La consecuencia inevitable de esta total politización de la existencia es la muerte de lo privado. Cuando el lema es que "todo es político", ninguna parcela del ser queda a salvo de la invasión. Las relaciones personales dejan de ser un fin en sí mismas para convertirse en alianzas o transacciones ideológicas. El arte ya no se valora por su belleza o verdad, sino por su mensaje y su utilidad para la causa. El pensamiento mismo se somete a una vigilancia constante, una autocrítica feroz para extirpar cualquier desviación de la ortodoxia. El individuo renuncia a la complejidad, a la ambigüedad y a la maravillosa contradicción que define al ser humano, aplanándose para encajar en la silueta bidimensional que la ideología le exige. En su afán por salvar al mundo, destruye lo único que posee para experimentarlo: un yo auténtico, autónomo y soberano. Sacrifica su alma en un intento desesperado por rediseñar la de los demás.

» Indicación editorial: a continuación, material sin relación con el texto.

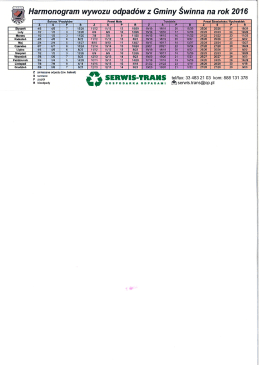 Harmonogram odbioru śmieci 2016
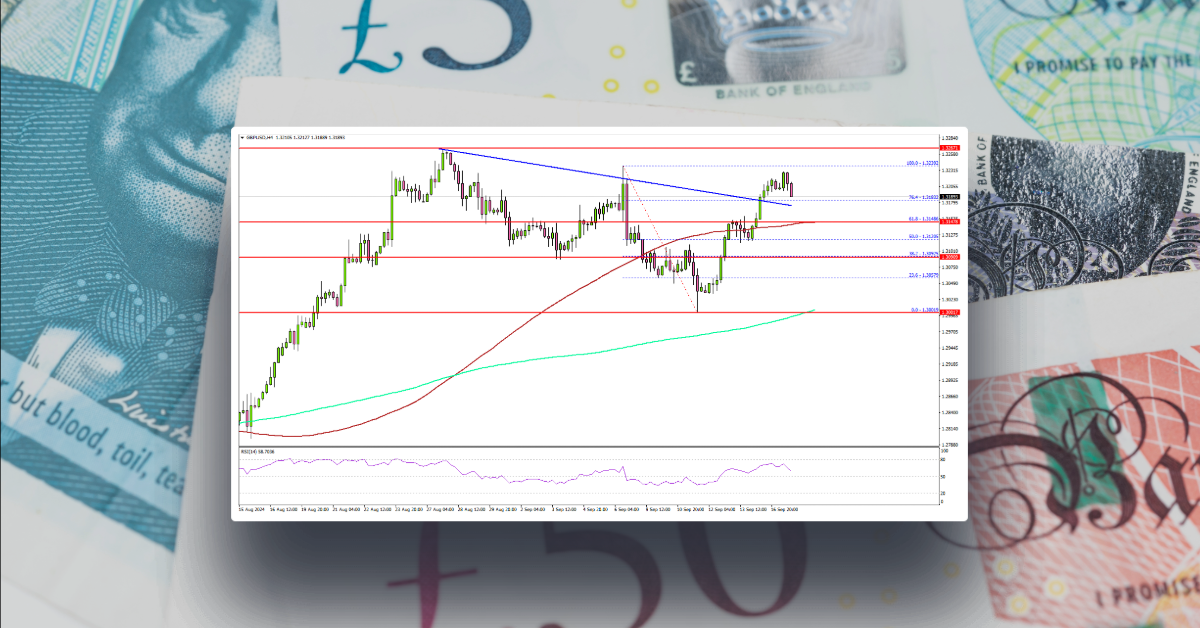 GBP/USD Bounces Back: Fed Rate Decision Looms Large Over Next Move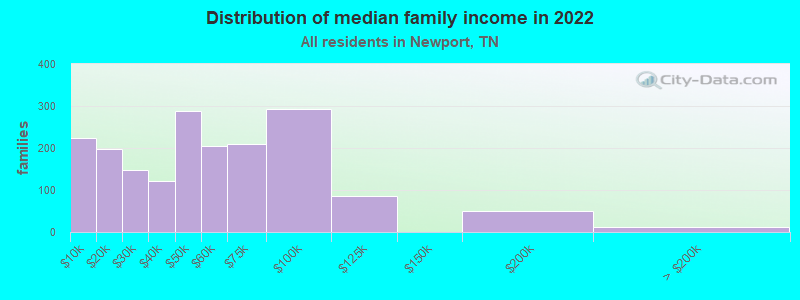 Distribution of median family income in 2022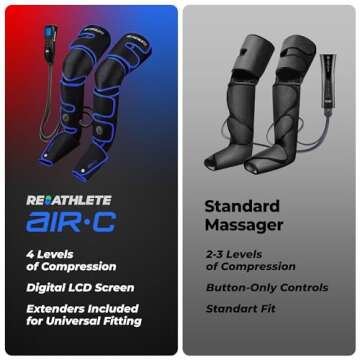 REATHLETE Leg Massager - Full Leg Massager for Circulation and Pain Relief, 4 Modes of Massage | Thigh, Calf, Foot Massager | Air Compression Leg Massager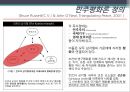 동아시아 영토 분쟁,민주 평화론,동아시아 영토 분쟁 현황,동아시아 영토 분쟁 원인,민주평화론 적용영토분쟁 ppt 15페이지
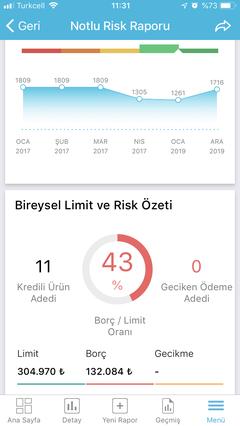 Findeks Mobil Uygulama İlk 3 Gün Ücretsiz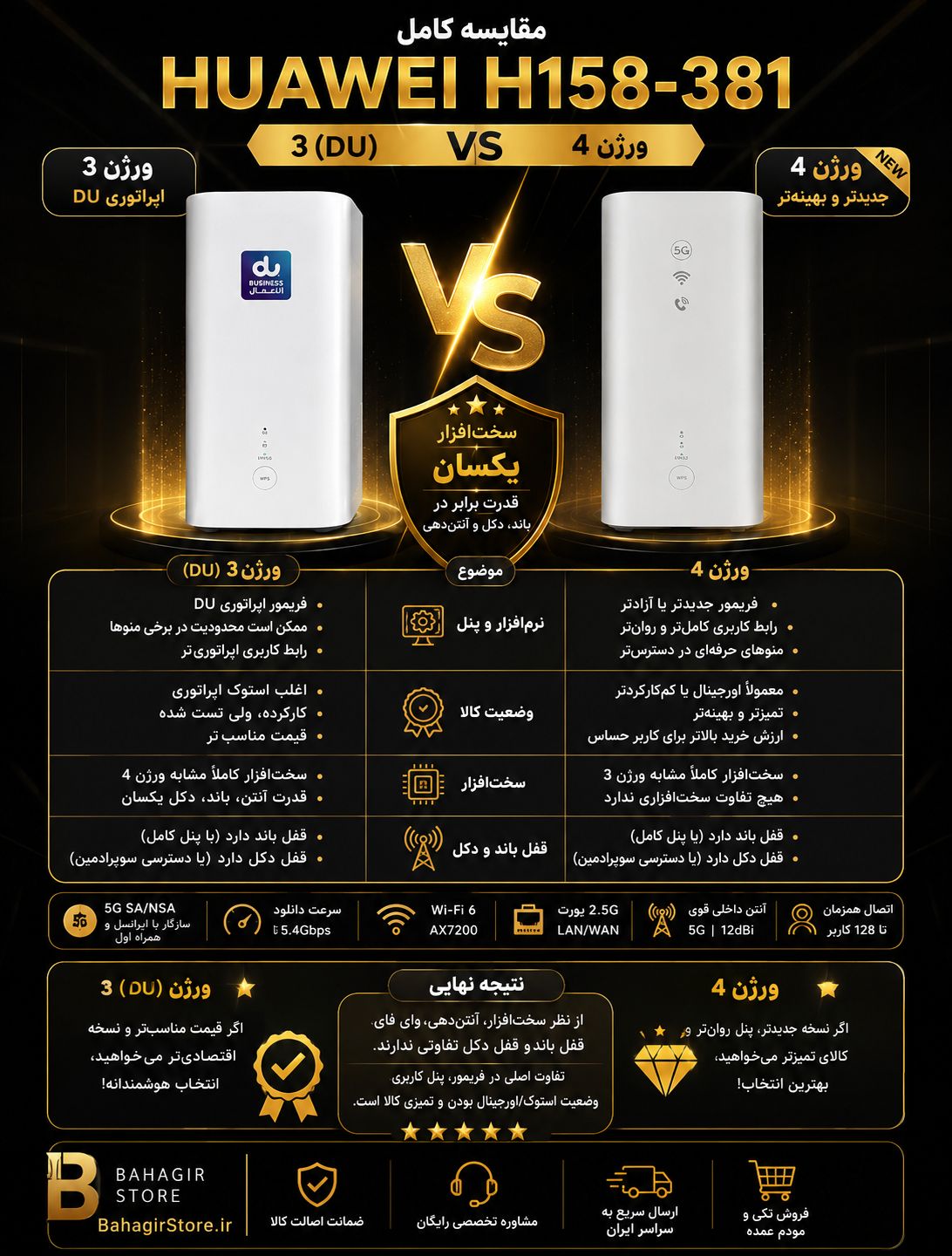 مقایسه مودم Huawei H158-381 DU ورژن ۳ با نسخه جنرال ورژن ۴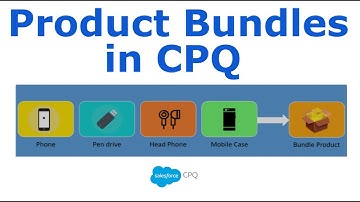 Product Bundles in Salesforce CPQ: Features, Options, and Structure Explained
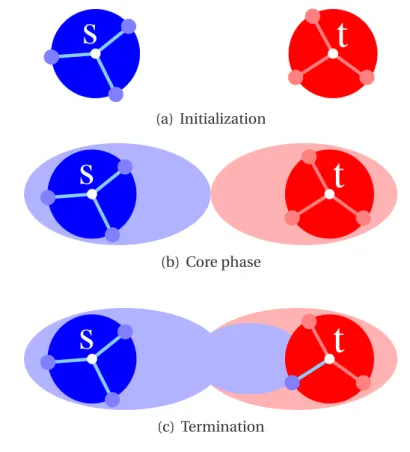 Figure 4.1: Schematic representation of the TDCALT algorithm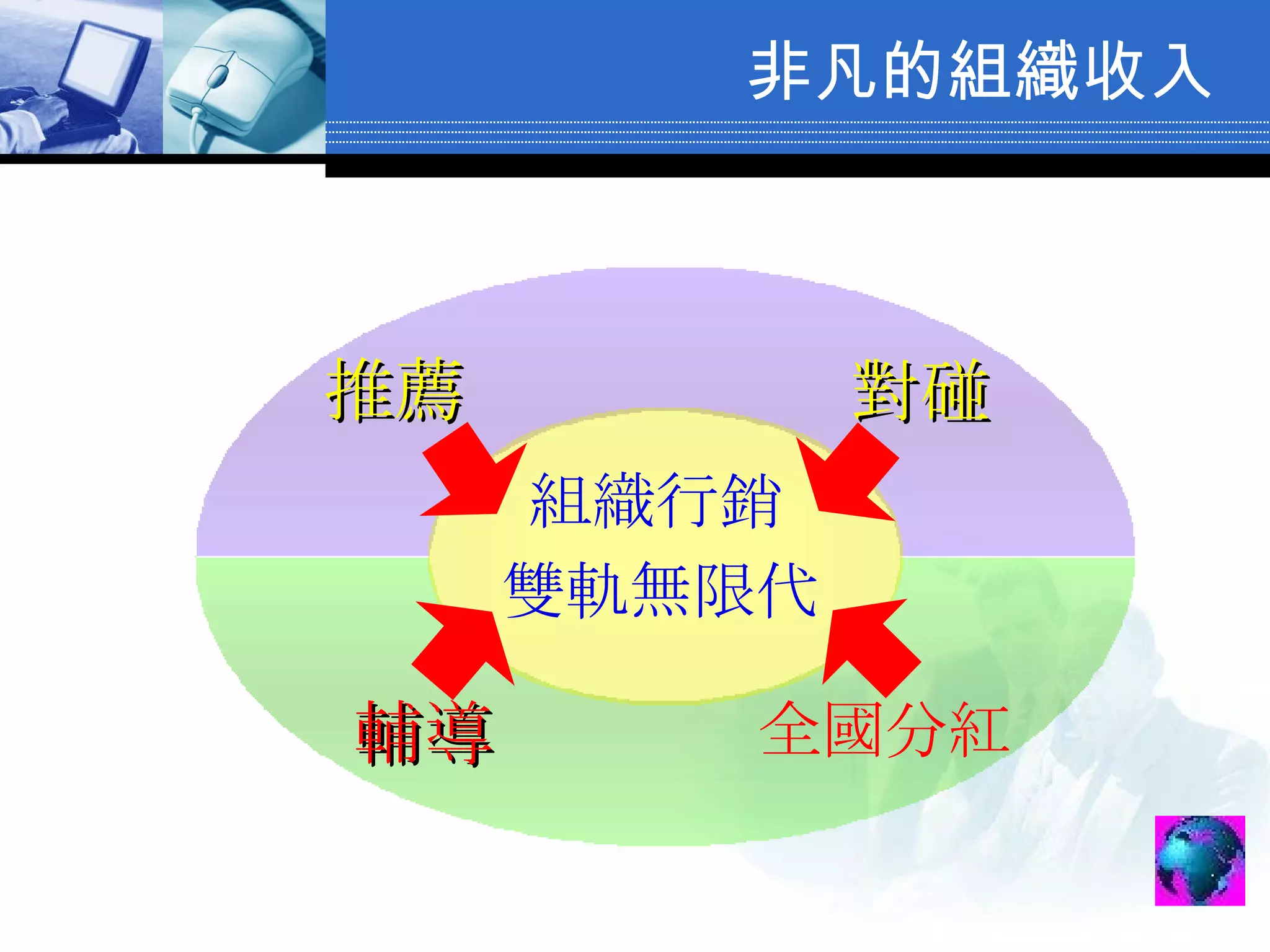 非凡的組織收入 組織行銷 雙軌無限代 推薦   對碰 輔導 全國分紅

El camino de salida de esta prisión autoimpuesta no es una retirada cobarde hacia el polo opuesto, sino un valiente descenso al interior de uno mismo. La solución no es encontrar una ideología "mejor", sino desidentificarse de toda ideología. Requiere un acto de sinceridad radical. Observa en ti la necesidad de tener razón, el placer secreto que obtienes al condenar al "enemigo", la forma en que la indignación te hace sentir vivo y con propósito. Confronta el resentimiento que se esconde detrás de tu discurso sobre la justicia. Reconoce el miedo que alimenta tu deseo de control. Este primer paso es el de la comprensión sin adornos. El segundo es el de la lucidez sostenida: mantener esa visión clara, sin justificarla, sin racionalizarla, simplemente observando el mecanismo en su crudo funcionamiento. No luches contra él, no intentes "arreglarlo". Simplemente, ilumínalo con el foco de tu atención ininterrumpida. Es esta conciencia pura y sostenida la que actúa como un agente disolvente. La energía que antes alimentaba el motor de la ideología se retira y vuelve a su fuente, disponible ahora para el trabajo real: la construcción de un individuo integrado. La verdadera virtud no reside en ninguno de los extremos, ni en la indiferencia del yo ni en la tiranía del nosotros. Reside en el tenso y sagrado equilibrio de un ser que ha puesto en orden su propio mundo interior y, solo entonces, actúa en el mundo exterior desde un lugar de plenitud, no de carencia.